Respaldó con disciplina la constitución del Comité Editorial de la revista,
donde semana a semana, junto a siete hombres y mujeres del Sindicato, proponía
los temas que debían ir en cada número del revista, así como velaba porque el
lenguaje, el diseño, las fotos y la mirada fuera aquella no sólo comprensible
para el lector(a) sino además, aquel que respaldara la formación de ideas en
ese micromundo pescador y mapuche. Báez también apreció el taller de
comunicaciones que Marejada desarrollaba con niños y niñas de la escuela
queulina Rayén Lafkén, muchos de ellos, hijos e hijas de pescadores.
En la clausura de
dicho taller, junto a los estudiantes y profesores de la escuela, el Chico Báez
señalaba:
“Espero que podamos
seguir fomentando la información. Si hay una cosa que yo he visto es que por
falta de información se cometen grandes errores y que pagan los demás, por la
omisión de algunos. Me siento contento de ser parte de este trabajo. Creo que
el orgullo que sienten los padres lo siento yo... porque hemos roto un círculo
igual. Todos sabemos que la educación, en la mayoría de los países, es vertical.
Lo que se dice de arriba es lo que se enseña abajo y lo que se tiene que hacer.
Con esta revista, hemos logrado romper un poco ese vicio que había”.
Luis Báez Paillapán
ha fallecido. Su hijo es pescador y tras años de arduo empuje, desde hace algunos
meses, tiene su lancha propia. Sigue la historia de su viejo, en el mar. Pese a
todo. Hace unos días, intentaba decirle que su padre vivió intensamente la
difícil y, muchas veces contradictoria vida de los pescadores artesanales.
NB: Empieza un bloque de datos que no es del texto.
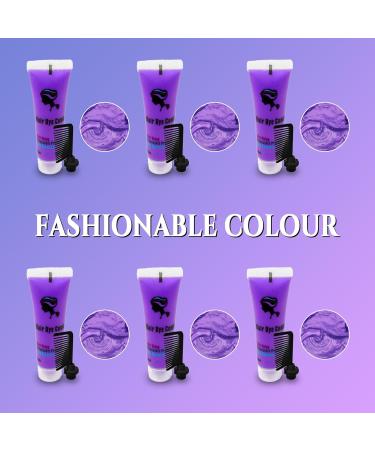 Purple Temporary Hair Color Dye for Dark&Light Hair Dye Washable Hair Dye Hair DIY Temporary Hair Dye Comb 90 ml for Kids - Buy Online on GoSupps.com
Algo
en él siempre se mantuvo. Mirar hacia adelante y luchar por una vida mejor para
su gente, evitando los acomodos políticos y del dinero. Intentando hasta último
momento aportar a la organización y a su caleta.
En momentos como los
actuales, donde la vida se hace más complicada para los pescadores y sus
familias, cuando el mar ya se ha hipotecado con la reciente ley de pesca, y
donde en muchos hogares campea la incertidumbre y la desconfianza hacia
dirigentes sindicales, bien vale recordar a este pequeño inmenso hombre del
Lafkénmapu.
Báez. El Chico Báez.
El hombre ya no está pero sus palabras y su ética perviven como ese horizonte
al que hay que mirar para no extraviarse.